Un cardinal humble, proche de son peuple et doté d’une grande force spirituelle

« Cet homme a une vision très claire des besoins de l’Eglise en Malaisie. Il a beaucoup œuvré pour le dialogue interreligieux et s’est battu pour davantage de justice. En tant qu’archevêque, il a développé les communautés ecclésiales de base et a fait grandir sa communauté en lui faisant prendre conscience de l’importance de faire corps en Eglise », analyse le missionnaire jésuite.

« Il s’est également battu contre l’injustice en s’opposant à l’Internal Security Act (ISA), une législation d’exception, votée dans les années 1960, qu’il tenait pour immorale », car elle permet aux forces de l’ordre d’élargir leurs pouvoirs en matière d’arrestation et d’incarcération des personnes sans procédures judiciaires, tout en bénéficiant d’une protection extrajudiciaire. « L’Eglise a toujours eu le devoir d’analyser et d’interpréter les signes des temps à la lumière de l’Evangile », avait affirmé à l’époque Mgr Fernandez.

« C’est un évêque qui a pris soin de son troupeau et qui a avancé avec l’ensemble du peuple malaisien, indépendamment des différentes appartenances religieuses de celui-ci. Il a renforcé le dialogue interreligieux, il est proche des plus pauvres, c’est un homme d’une grande force spirituelle », ajoute le jésuite. « Il a le style du pape François, son humilité – il se déplace en bus, marche dans les villages pour rencontrer les gens, mange avec eux, il les considère comme sa propre famille », précise le P. Patrick Ryan, qui l’a connu comme recteur du séminaire de Penang, lorsqu’il était lui-même séminariste.

Pourquoi un cardinal non électeur pour la Malaisie ?

Pourquoi un tel choix pour la Malaisie, alors que Mgr Fernandez, âgé de plus de 80 ans, ne comptera pas au nombre des cardinaux électeurs lors d’un éventuel prochain conclave ? D’après le cardinal indien Telesphore Toppo, archevêque de Ranchi, cette pourpre cardinalice accordée à un prélat malaisien « a été donnée à titre honorifique, pour remercier Mgr Fernandez de tout le travail qu’il a accompli ces dix dernières années, notamment en vue de l’établissement de relations diplomatiques entre le Saint-Siège et la Malaisie ». En janvier 2013, le Vatican a ainsi pu envoyer son premier nonce apostolique en Malaisie, Mgr Joseph Marino, la Malaisie accréditant son premier ambassadeur auprès le Saint-Siège, cette année, en 2016. L’archidiocèse de Kuala Lumpur est actuellement dirigé par Mgr Julian Leow Beng Kim, âgé de 52 ans et ordonné évêque en octobre 2014.

« La création de deux nouveaux cardinaux pour le Bangladesh et la Malaisie montre que le pape pose des choix délibérés vers les périphéries.
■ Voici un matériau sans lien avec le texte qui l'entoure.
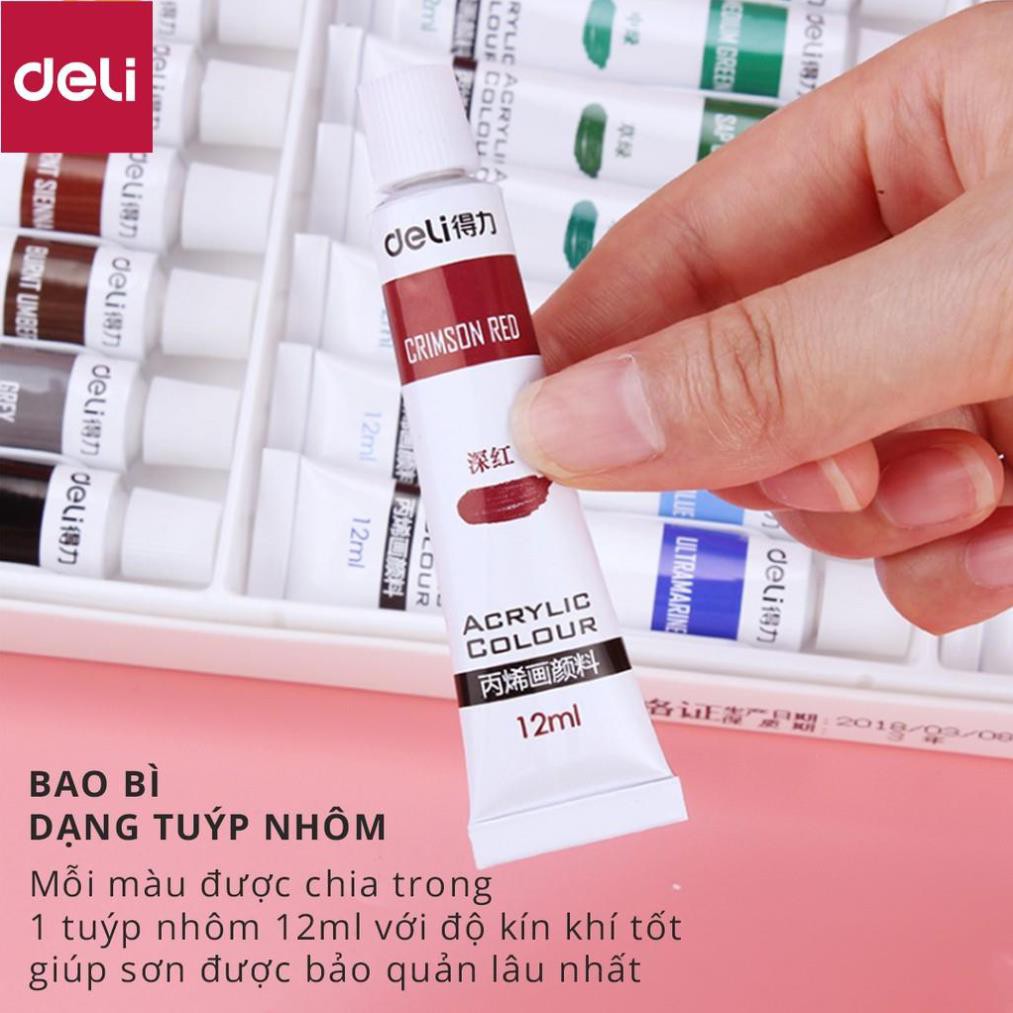 Màu Acrylic chuyên nghiệp Deli - 12ml/tuýp - vẽ vải / vẽ quần áo / vẽ giày - 12/18/24 màu - 73856 / 3857 / 73858 [Deli]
Cela démontre aussi l’amour et l’attention qu’il porte à l’Asie, et ces nominations aideront et viendront renforcer la Fédération des Conférences épiscopales d’Asie (FABC) », a déclaré à l’agence Ucanews, Mgr Oswald Gracias, archevêque de Bombay et actuel président de la FABC.

Pour Mgr Telesphore Toppo, « le Vatican regarde vers l’Asie du fait de la croissance de l’Eglise catholique dans cette vaste région du monde, qui rassemble 12 % des 1,2 milliard de catholiques. Les deux-tiers de la population de la planète vivent en Asie, l’Eglise ne peut ignorer ce continent ». L’évêque indien souligne aussi que « la mission est la première des priorités de l’Eglise » et qu’en Asie, elle connaît actuellement « des temps difficiles », du fait de la montée des fondamentalismes religieux, la Malaisie ne faisant pas exception à cette tendance.

Avec ces nouvelles nominations, la FABC compte désormais 22 cardinaux, dont 15 cardinaux âgés de moins de 80 ans qui se trouvent donc en position d’électeurs en cas de conclave à Rome, pour la succession du pape François. Sur ces 15 cardinaux, sept cardinaux proviennent d’Inde ou des Philippines.

La Malaisie, pays musulman à près de 60 %, compte 28 millions d’habitants. Les chrétiens représentent la troisième religion du pays, derrière le bouddhisme, et rassemblent 2,6 millions de fidèles (dont un peu plus d’un million de catholiques, soit 3,7 % de la population malaisienne).

L’Eglise catholique en Malaisie compte trois archidiocèses – Kuala Lumpur, Kuching et Kota Kinabalu – et six diocèses – Melaka-Johor, Penang, Sibu, Miri, Keningau et Sandakan.